1. Studio Architecture
1.1 Physical Workstation (On-Prem Core)
Compute tiers
Studio Tower S (single GPU): RTX 4090/RTX 6000 Ada | 128 GB RAM | 16–28 core CPU | 4 TB NVMe | whisper/ASR + vLLM serving | ideal for prototyping + small finetunes.
Studio Tower M (multi-GPU): 2× RTX 6000 Ada or 2× A6000 | 256 GB RAM | 8–12 TB NVMe scratch + 20 TB NAS | local vector DB | parallel RAG + toolformer experiments.
Studio Rack E (Enterprise): 4–8× H100/A100 | 512 GB–1 TB RAM | 50–200 TB NAS w/ RAID | on-prem model zoo (Llama-3.x, Mistral, Mixtral, Command-R+, Whisper large-v3) | Triton/TGI/vLLM.

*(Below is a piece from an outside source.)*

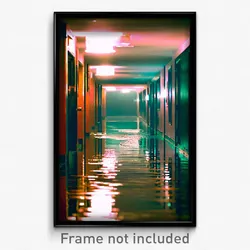 Pixel Art Poster - Watery Hallway (8 Bit Psychedelic Trippy Video Game Print)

I/O & Multimodal Prompting Console
Text & Code: low-latency mechanical keyboards + macro pads (pre-mapped to agent commands).
Audio: studio interface (USB-C/Thunderbolt), XLR mic, preamp, soundboard (for voice prompting, “barge-in” interrupts, and real-time TTS monitoring).
Vision: 4K overhead camera for whiteboard/sketch capture; doc scanner.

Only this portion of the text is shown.